**Exercise instructions**
Starting at the line below holding "White and pink" and stopping at the line holding "How to feed a puppy of a Shar-Pei", print every line exactly, both ends included, and leave the rest out.

**Available records**
☆ ☆ ☆ ☆ ☆

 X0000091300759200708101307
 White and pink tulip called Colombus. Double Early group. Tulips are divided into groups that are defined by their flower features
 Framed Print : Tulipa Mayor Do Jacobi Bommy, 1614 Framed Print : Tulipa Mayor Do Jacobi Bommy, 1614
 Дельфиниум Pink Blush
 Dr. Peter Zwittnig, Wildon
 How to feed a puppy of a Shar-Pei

☆ ☆ ☆ ☆ ☆

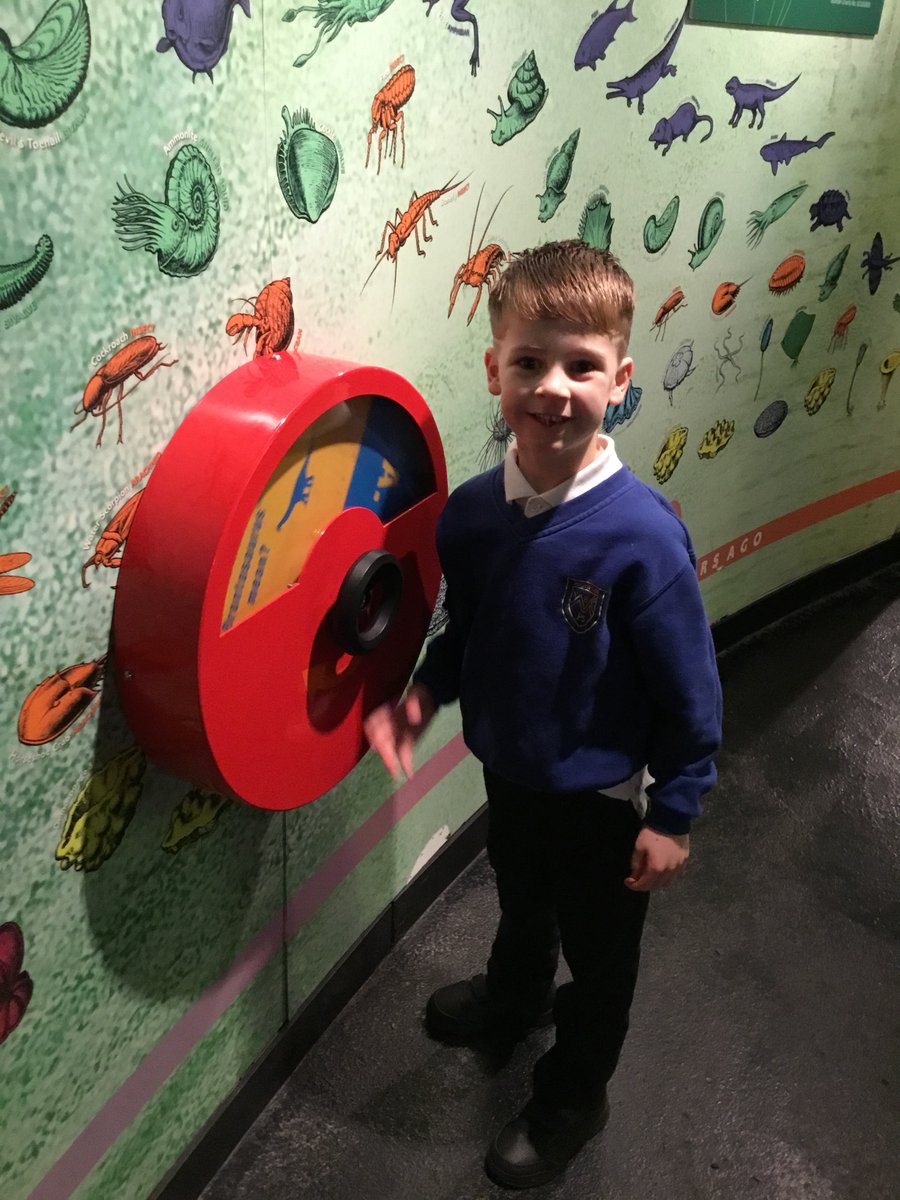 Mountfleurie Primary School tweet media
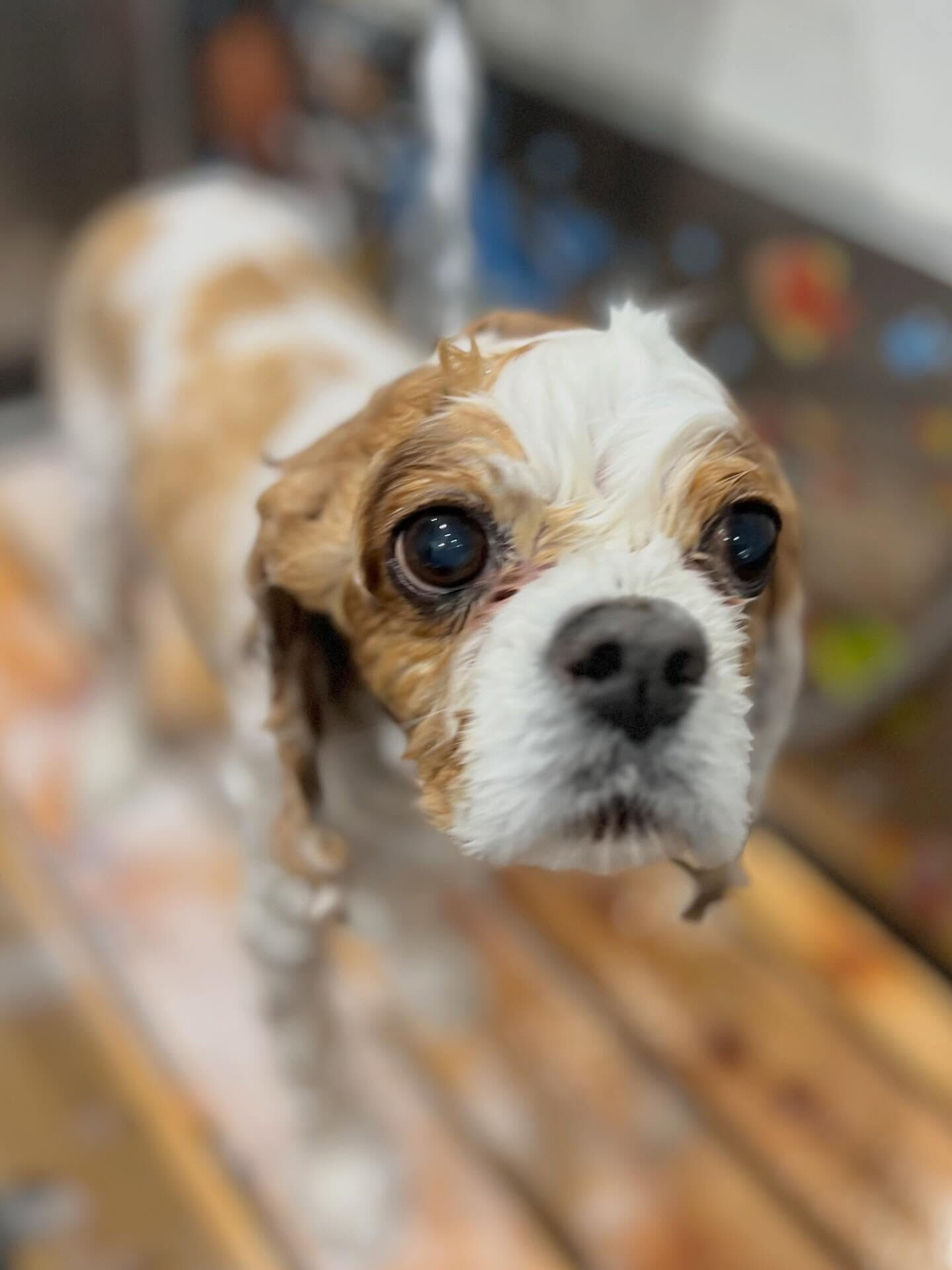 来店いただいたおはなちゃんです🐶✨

☆ ☆ ☆ ☆ ☆

**Problem solution**
 White and pink tulip called Colombus. Double Early group. Tulips are divided into groups that are defined by their flower features
 Framed Print : Tulipa Mayor Do Jacobi Bommy, 1614 Framed Print : Tulipa Mayor Do Jacobi Bommy, 1614
 Дельфиниум Pink Blush
 Dr. Peter Zwittnig, Wildon
 How to feed a puppy of a Shar-Pei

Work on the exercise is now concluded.